Plan where you will place your person on the page and make some light marks to indicate where the head, feet, and sides will be placed.
Use your pencil and draw rapidly, filling in important details quickly. Tip: I usually draw a little inside the edges when I start, so I can refine my edges later.)
Include any background details that will help tell the story. Your background is a playground of possibilities, use it to your advantage. Gesture drawings are quick, so try a few until you get one that pleases your inner artist.
Your portfolio drawing should take longer than your prep drawings. Put yourself into the assignment, use your best work, and shoot for a drawing of the quality that you could show in a portfolio interview for a job or a scholarship.

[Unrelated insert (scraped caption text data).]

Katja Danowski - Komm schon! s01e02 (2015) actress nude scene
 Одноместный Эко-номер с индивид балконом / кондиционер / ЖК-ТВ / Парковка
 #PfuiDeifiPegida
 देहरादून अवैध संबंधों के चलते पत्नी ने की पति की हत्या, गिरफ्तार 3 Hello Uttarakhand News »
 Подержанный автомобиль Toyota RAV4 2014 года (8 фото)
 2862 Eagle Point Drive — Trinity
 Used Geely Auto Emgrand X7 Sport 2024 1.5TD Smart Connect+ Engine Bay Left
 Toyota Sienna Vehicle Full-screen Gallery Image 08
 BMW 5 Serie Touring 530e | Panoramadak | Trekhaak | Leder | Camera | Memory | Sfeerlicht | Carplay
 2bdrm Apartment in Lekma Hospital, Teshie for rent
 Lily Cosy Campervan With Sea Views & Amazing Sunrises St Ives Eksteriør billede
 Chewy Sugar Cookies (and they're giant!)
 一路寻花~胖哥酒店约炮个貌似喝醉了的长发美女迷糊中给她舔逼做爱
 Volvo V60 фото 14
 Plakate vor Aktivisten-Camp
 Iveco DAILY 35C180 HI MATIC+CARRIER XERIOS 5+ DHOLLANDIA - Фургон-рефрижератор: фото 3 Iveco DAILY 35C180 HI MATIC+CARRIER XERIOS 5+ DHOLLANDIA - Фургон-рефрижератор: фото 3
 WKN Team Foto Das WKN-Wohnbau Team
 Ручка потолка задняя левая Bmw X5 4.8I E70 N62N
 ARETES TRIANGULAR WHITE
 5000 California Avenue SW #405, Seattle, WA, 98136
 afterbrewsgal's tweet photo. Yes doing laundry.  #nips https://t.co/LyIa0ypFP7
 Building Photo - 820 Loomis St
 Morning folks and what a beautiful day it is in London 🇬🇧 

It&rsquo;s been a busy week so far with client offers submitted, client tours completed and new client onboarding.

Look around for three to five interesting objects to compose a still life to draw. Vary the size and shape of the objects for more interest. Compose the objects in different ways until you get an interesting arrangement, shoot a photo in case you don't get the drawing done in one sitting. Here are some tips on composition.
Make a contour or gesture drawing of your still life, be mindful to fill the page. Vary your line quality. Hold the pencil in different ways. Show me what you learned in this challenge and do the very best work that you can. Here are some Portfolio Quality Drawing Examples: Contour & Gesture
Reflection & Revision
Look over your drawings and see if there are some small revisions you can make that will improve your drawings. Find a place to keep your drawings.
Watch and draw along with the video, or follow the written instructions, whatever works for you.
Blind Contour Drawing
Look around and find a complex object to draw. Simple objects don't work as well as, say a plant, an ironing board and iron, a comfy chair and pillow. Step 1: Practice drawing along with the blind contour drawing video (left.) Step 2: Set yourself up in front of a mirror with a pencil and paper if you want to try a self portrait, or set up an interesting object. Really look at your object or image in the mirror and decide where you will start your drawing. Look at your paper and decide where to start your pencil on the page. Step 3: set your pencil on the page and draw excruciatingly slowly, while you look deeply at your image and move your pencil along without looking at the paper. If you go off the edge, just look at the paper briefly , reset your pencil, and keep going. You may get a good drawing on your first try, but I usually have to do 2 or 3 before I get one I'm happy with.
Continuous Line Drawing
Try a pair of shoes, gloves, cup and saucer, your hand, or other fun subjects. This process is similar to blind contour drawing in that your pencil never leaves the page and you are looking deeply at what you are drawing, but in continuous line drawing you can look at the paper, and you do more than just the outline of your subject, you draw all of the lines that you see by doubling back on your single line. You are looking for a finished drawing that seems to add significance to an ordinary object because of the way you drew it. Apply light and heavy pressure as you draw to get more variety in your line. Try two or three different subjects and submit your best one.